15.11.2002. Die SZ fragt, ob Saddam ein "Wahnsinniger ohne Bezug zur Realität" ist. Die FR rechnet mit den österreichischen Wendephilosophen ab. Die taz kennt die neue französische Chanson-Szene. Die NZZ erinnert an Diego Giacometti, Albertos kleinen Bruder. Und die FAZ setzt ihre Serie fort: "Was diese Regierung uns antut".
SZ, 15.11.2002
Saddam, ein zweiter Osama? Ein Wahnsinniger ohne Bezug zur Realität? Mit Vernunft nicht zu überzeugen? Der amerikanische Politologe
David C. Hendrickson meint, einen solchen
asketischem Fanatismus suche man vergebens bei politischen Führern, die sich schon lange an der Macht halten. Erst recht bei Saddam, "der einen übermäßigen, ja schockierenden Selbsterhaltungswillen zeigt. Daher der präventive Einsatz von
Gewalt und Terror gegen Gegner im eigenen Land, ein Prozess, der, einmal begonnen, nie wirklich enden kann, selbst wenn der Tyrann absolute Kontrolle gewinnt. Dieses Verhaltensmuster, das
Stalin, Saddams Vorbild, in besonderem Maße zeigte, führt zu einer außerordentlichen Grausamkeit gegenüber seinen Feinden, hält sie aber auch in Schach." Gegenüber einem solchen Tyrannen, meint Hendrickson, gebe es durchaus "eine
Alternative zur Politik des
preemptive strike und der Unterstellung eines irrationalen Gefahrenherds" - eine Strategie des Drucks und der Abschreckung. "Es ist unser irrationales Streben nach absoluter Sicherheit, das uns davon abhält, diese lebenswichtige Tatsache zu erkennen".

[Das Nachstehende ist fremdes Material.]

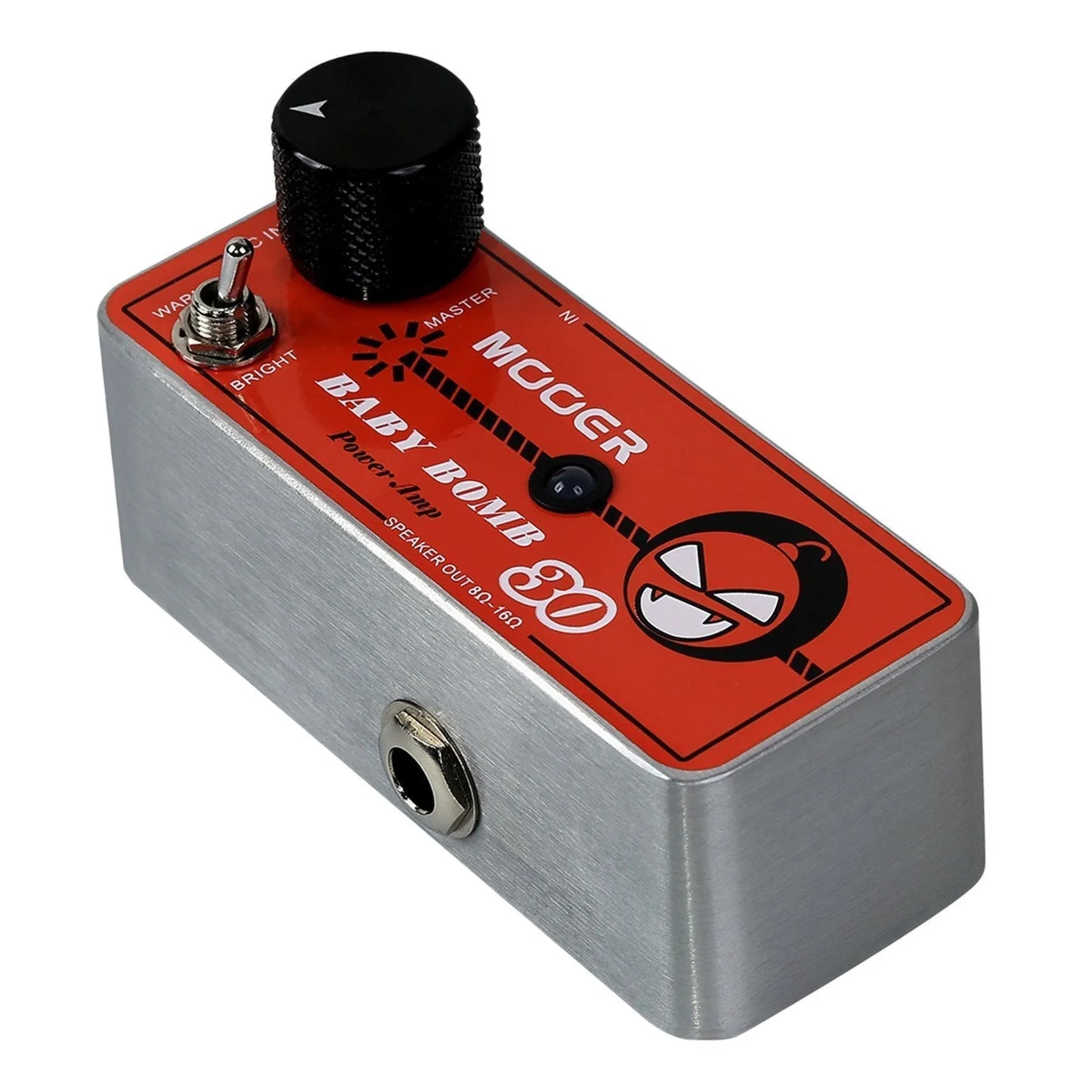 Mooer Baby Bomb 30 Digital 30W Micro Power Amp for Guitar Cabinets, 8-16 Ohm Impedance, Master Volume Control, Warm/Bright Presence Switch — view 2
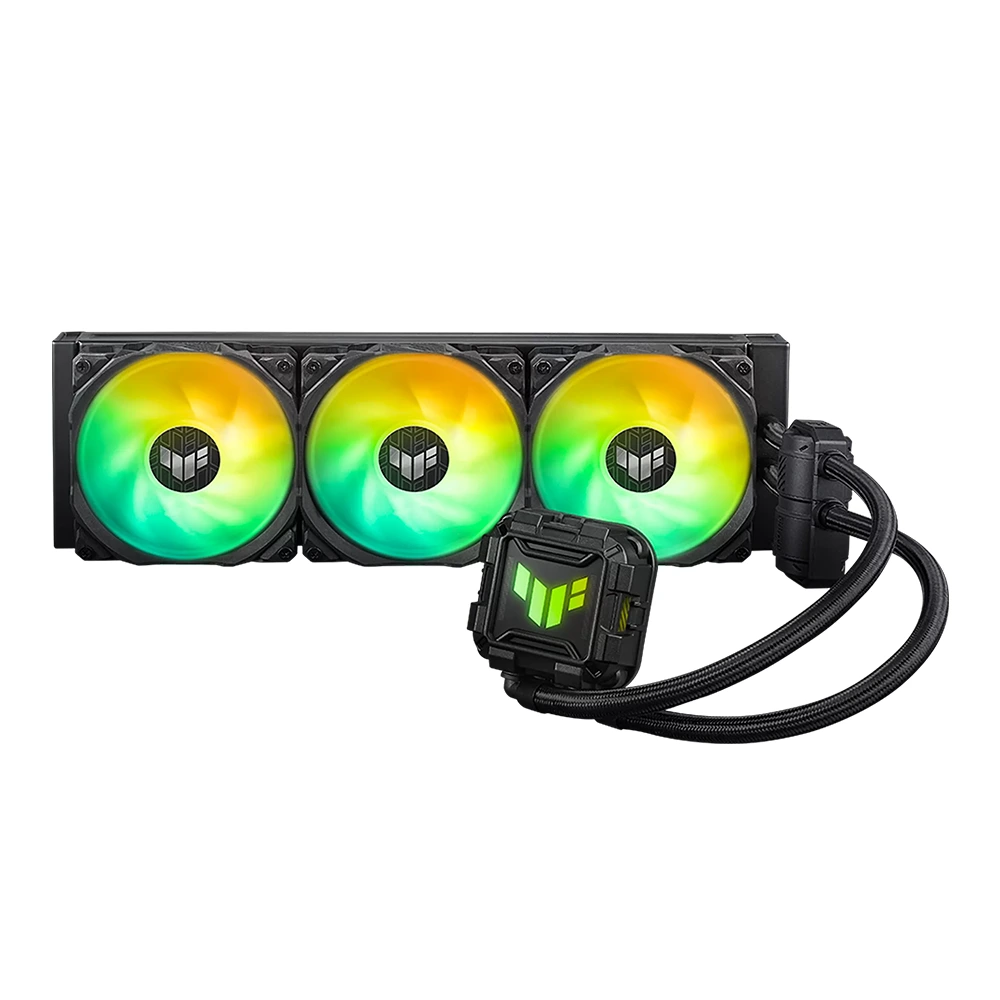 ASUS TUF Gaming LC II 360 ARGB all-in-one CPU liquid coolers with Aura Sync and three TUF Gaming 120mm ARGB radiator fans-0 ASUS TUF Gaming LC II 360 ARGB all-in-one CPU liquid coolers with Aura Sync and three TUF Gaming 120mm ARGB radiator fans-0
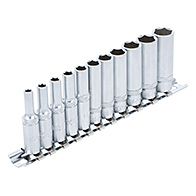 Dugókulcskészlet, hatszögletű, hosszított, 1/4", 4 -13 mm, 11 darabos (BGS-2221)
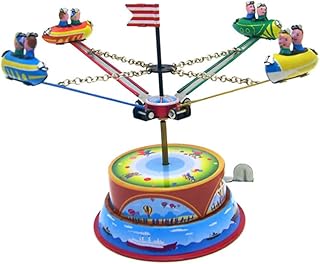 BCOATH 1 Peça Brinquedos Mecânicos De Ferro Para Ação De Corda Brinquedos De Corda Para Girar Adereços Brinquedos Mecânicos De Ferro Folha De Ferro Brinquedos Mecânicos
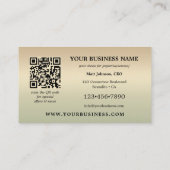 Groene Natuur Milieu QR Foto Visitekaartje (Achterkant)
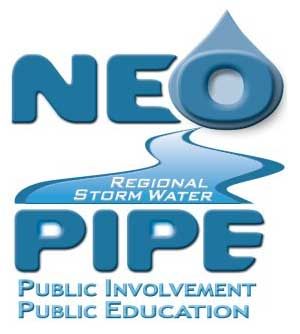 Neo regional storm water pipe public involvement public education logo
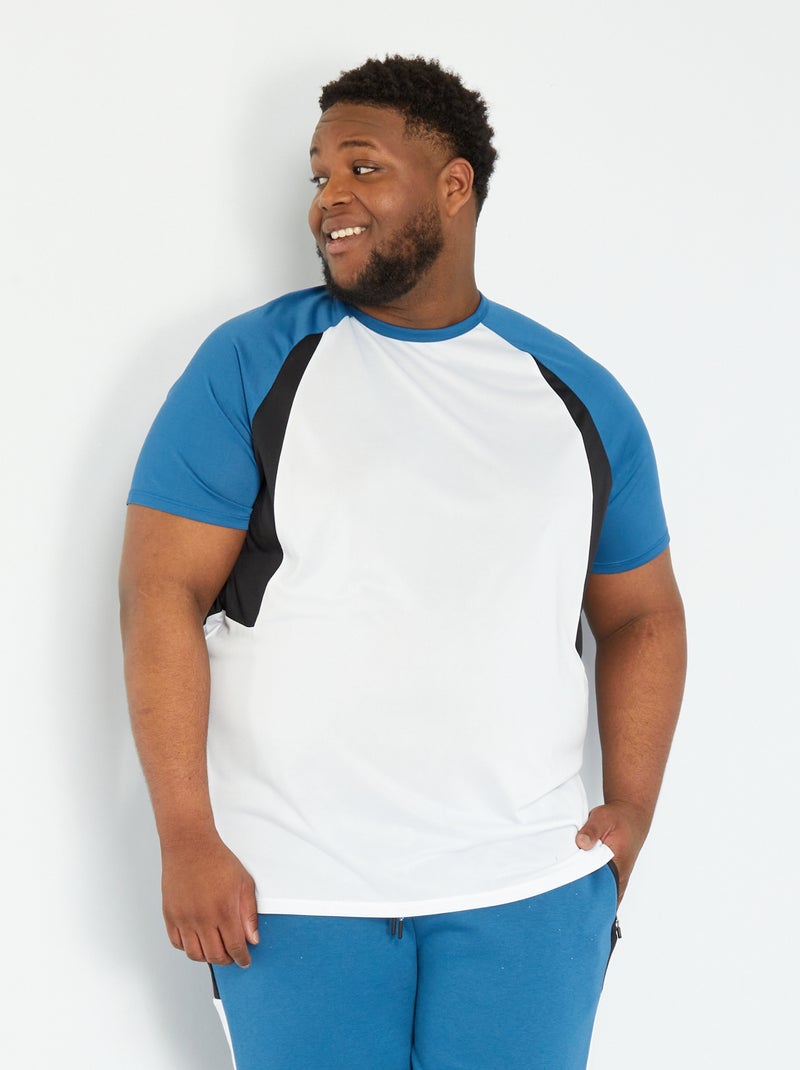 T-shirt de desporto em microfibra Branco - Kiabi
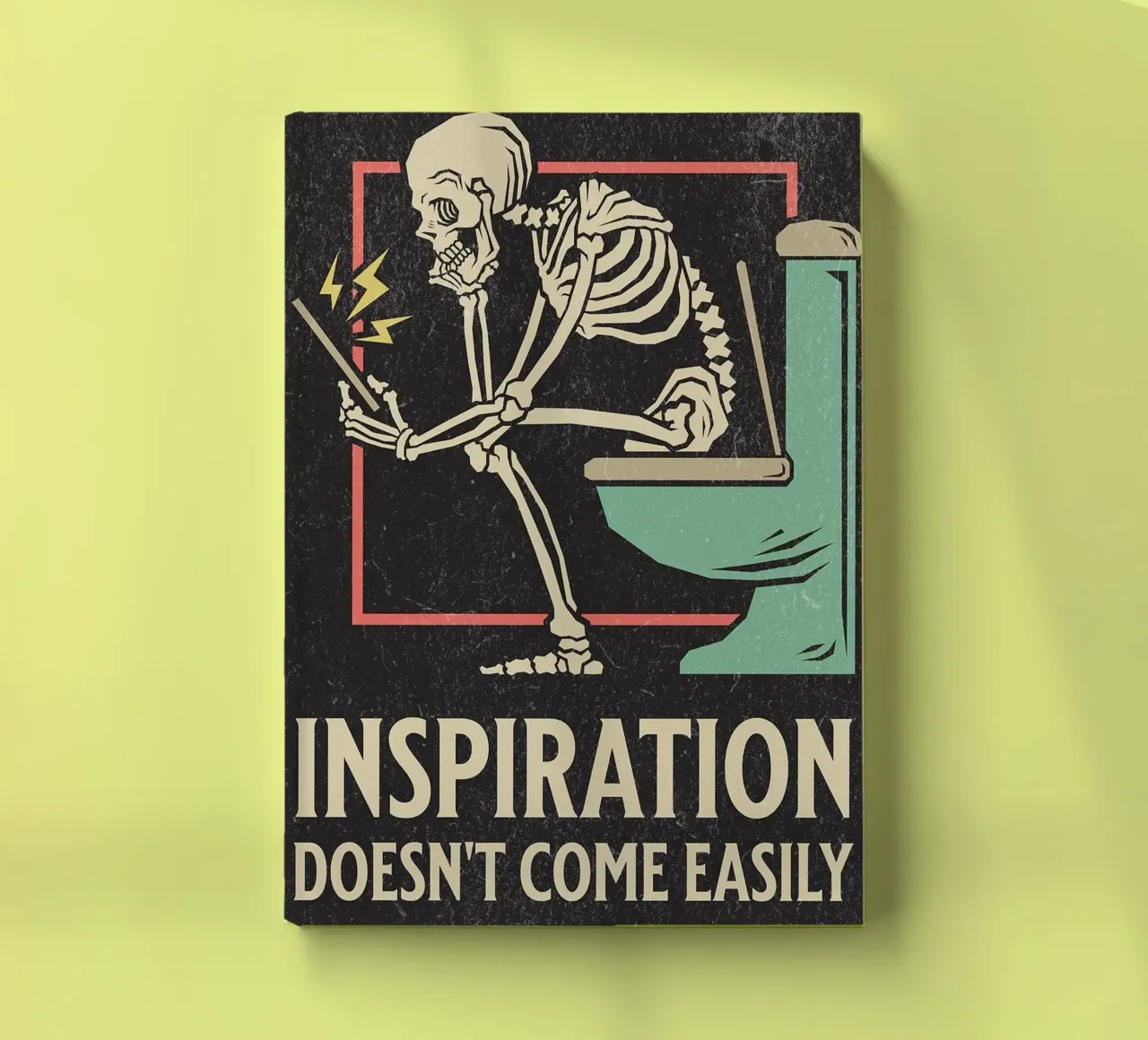 Funny Skeleton Sitting On The Toilet Inspiration Doesn't Com carnet de notes de HARU HARU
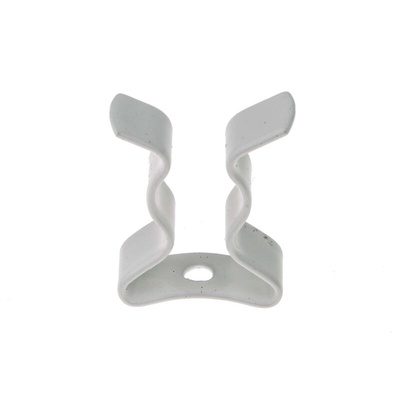 RS PRO 6.35mm Steel Spring Clip, 13.49mm x 6.35mm x 15.08mm, 8BA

Mehr Bildung in der Familie,
predigt Georg
Kardinal Sterzinsky, Erzbischof von Berlin - und zwischen den Zeilen lesen wir: bitte
weniger Ganztagsschule. Sterzinsky fürchtet eine
"kulturelle Revolution" in der Familienpolitik und spricht sich für eine "Stärkung der Erziehungskompetenz von Eltern" aus. Die
Kirche wiederum solle sich als "
Anwalt für das Leitbild einer auf die Ehe gegründeten Familie" einsetzen.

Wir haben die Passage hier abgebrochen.